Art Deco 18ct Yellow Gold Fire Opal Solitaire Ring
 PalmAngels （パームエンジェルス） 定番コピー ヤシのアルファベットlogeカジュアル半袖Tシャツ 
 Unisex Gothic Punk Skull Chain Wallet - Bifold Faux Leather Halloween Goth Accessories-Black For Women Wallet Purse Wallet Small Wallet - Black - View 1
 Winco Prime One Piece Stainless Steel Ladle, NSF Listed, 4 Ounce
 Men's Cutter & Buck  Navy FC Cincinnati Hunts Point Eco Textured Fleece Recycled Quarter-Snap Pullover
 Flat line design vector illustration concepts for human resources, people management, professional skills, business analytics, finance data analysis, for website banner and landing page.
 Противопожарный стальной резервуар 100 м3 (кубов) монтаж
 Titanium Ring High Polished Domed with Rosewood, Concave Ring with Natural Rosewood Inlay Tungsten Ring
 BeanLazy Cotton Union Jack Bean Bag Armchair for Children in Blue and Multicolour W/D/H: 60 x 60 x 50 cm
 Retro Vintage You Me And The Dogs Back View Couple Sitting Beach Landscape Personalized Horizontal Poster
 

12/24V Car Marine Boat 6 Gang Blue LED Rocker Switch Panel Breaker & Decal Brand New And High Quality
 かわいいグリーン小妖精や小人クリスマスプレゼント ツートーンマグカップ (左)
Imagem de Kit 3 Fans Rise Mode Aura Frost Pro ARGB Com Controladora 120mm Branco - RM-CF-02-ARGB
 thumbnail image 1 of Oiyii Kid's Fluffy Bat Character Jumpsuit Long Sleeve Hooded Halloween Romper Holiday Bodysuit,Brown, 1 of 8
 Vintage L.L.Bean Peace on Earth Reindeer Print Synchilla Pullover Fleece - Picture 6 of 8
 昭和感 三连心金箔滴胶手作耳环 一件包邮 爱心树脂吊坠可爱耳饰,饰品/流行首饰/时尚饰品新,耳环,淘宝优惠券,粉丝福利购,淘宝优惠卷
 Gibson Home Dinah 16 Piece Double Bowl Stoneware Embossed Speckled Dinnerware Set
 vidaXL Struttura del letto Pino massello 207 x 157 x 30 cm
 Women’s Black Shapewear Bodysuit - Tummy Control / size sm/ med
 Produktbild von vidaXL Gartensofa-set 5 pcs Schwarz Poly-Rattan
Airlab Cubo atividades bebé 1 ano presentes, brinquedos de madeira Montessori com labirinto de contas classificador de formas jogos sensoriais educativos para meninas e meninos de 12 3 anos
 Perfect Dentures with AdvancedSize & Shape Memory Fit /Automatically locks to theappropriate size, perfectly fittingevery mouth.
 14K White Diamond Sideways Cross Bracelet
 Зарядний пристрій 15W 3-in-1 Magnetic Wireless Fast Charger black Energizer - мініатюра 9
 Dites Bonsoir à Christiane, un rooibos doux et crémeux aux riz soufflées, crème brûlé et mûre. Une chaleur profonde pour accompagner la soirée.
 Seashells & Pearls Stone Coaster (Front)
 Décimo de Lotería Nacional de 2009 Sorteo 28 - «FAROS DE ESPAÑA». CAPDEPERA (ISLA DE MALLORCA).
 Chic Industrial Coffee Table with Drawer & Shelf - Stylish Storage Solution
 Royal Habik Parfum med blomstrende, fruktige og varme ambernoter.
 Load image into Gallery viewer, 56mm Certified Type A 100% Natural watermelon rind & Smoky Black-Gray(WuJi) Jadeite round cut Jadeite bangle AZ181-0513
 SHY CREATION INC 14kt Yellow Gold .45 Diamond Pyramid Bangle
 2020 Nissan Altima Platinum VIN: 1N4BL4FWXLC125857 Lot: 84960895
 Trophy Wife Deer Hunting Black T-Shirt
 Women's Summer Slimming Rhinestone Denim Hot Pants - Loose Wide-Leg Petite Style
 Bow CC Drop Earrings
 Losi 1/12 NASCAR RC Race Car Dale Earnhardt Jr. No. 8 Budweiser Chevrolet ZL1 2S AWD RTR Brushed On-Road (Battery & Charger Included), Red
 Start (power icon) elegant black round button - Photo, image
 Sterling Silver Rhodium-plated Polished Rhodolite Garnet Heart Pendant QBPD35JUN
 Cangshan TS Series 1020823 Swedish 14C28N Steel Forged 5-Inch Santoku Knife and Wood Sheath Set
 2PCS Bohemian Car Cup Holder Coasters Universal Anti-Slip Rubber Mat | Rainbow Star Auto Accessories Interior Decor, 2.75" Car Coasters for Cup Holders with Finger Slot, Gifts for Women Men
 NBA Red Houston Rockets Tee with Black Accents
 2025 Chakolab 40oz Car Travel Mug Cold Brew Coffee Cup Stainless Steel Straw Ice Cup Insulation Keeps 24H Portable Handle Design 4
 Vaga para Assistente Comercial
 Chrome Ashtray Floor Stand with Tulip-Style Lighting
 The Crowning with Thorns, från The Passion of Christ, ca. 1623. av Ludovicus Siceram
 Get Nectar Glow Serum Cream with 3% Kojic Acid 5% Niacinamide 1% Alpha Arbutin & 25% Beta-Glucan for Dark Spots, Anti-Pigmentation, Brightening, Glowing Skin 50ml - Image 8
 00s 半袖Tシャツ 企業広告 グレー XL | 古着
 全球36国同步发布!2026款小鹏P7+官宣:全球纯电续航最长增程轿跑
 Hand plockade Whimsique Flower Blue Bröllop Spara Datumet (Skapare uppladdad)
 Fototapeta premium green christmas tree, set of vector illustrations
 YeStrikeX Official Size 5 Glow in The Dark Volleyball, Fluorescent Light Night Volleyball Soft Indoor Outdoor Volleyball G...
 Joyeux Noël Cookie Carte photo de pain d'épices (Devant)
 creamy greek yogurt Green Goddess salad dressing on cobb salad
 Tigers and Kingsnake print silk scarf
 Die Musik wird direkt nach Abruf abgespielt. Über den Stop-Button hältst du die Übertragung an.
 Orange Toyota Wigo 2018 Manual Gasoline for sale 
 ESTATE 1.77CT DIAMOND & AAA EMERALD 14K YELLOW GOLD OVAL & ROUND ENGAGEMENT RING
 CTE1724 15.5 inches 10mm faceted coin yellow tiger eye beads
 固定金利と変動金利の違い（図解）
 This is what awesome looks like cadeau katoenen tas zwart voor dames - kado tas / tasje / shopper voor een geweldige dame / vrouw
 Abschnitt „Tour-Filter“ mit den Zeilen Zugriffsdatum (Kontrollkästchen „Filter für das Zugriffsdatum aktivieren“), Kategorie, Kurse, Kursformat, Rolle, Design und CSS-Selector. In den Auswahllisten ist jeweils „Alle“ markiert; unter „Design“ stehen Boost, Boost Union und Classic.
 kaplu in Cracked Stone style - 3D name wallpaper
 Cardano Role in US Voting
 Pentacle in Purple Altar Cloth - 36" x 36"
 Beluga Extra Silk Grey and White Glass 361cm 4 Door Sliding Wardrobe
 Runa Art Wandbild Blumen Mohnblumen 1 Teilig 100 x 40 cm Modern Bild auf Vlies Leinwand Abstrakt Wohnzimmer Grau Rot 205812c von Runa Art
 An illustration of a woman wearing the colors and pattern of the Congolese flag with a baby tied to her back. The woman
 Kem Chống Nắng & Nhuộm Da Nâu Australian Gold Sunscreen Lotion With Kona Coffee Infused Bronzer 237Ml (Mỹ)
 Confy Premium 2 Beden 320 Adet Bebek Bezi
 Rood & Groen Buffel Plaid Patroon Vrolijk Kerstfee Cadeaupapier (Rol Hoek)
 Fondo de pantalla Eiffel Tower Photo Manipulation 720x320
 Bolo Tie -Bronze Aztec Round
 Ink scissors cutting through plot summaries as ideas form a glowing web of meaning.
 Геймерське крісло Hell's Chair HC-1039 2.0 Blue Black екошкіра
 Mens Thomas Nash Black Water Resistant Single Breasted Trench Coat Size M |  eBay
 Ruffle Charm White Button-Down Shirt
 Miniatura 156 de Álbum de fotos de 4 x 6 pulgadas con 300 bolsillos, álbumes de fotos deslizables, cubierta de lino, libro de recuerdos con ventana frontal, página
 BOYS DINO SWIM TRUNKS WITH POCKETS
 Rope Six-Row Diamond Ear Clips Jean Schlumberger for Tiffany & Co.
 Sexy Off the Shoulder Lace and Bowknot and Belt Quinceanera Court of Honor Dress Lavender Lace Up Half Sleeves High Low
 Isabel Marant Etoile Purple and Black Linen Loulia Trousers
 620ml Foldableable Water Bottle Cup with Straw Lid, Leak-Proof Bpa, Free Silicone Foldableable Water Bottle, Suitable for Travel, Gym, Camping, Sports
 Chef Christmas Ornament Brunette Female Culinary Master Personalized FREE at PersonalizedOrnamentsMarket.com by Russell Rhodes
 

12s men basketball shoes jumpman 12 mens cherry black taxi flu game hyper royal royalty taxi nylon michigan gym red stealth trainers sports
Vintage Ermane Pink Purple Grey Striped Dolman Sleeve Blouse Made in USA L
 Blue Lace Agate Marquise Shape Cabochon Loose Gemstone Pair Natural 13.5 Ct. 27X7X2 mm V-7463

****************

Please give an exact restatement of only the lines from the beginning of the material above to the line with "Retro Vintage You", inclusive.

Art Deco 18ct Yellow Gold Fire Opal Solitaire Ring
 PalmAngels （パームエンジェルス） 定番コピー ヤシのアルファベットlogeカジュアル半袖Tシャツ 
 Unisex Gothic Punk Skull Chain Wallet - Bifold Faux Leather Halloween Goth Accessories-Black For Women Wallet Purse Wallet Small Wallet - Black - View 1
 Winco Prime One Piece Stainless Steel Ladle, NSF Listed, 4 Ounce
 Men's Cutter & Buck  Navy FC Cincinnati Hunts Point Eco Textured Fleece Recycled Quarter-Snap Pullover
 Flat line design vector illustration concepts for human resources, people management, professional skills, business analytics, finance data analysis, for website banner and landing page.
 Противопожарный стальной резервуар 100 м3 (кубов) монтаж
 Titanium Ring High Polished Domed with Rosewood, Concave Ring with Natural Rosewood Inlay Tungsten Ring
 BeanLazy Cotton Union Jack Bean Bag Armchair for Children in Blue and Multicolour W/D/H: 60 x 60 x 50 cm
 Retro Vintage You Me And The Dogs Back View Couple Sitting Beach Landscape Personalized Horizontal Poster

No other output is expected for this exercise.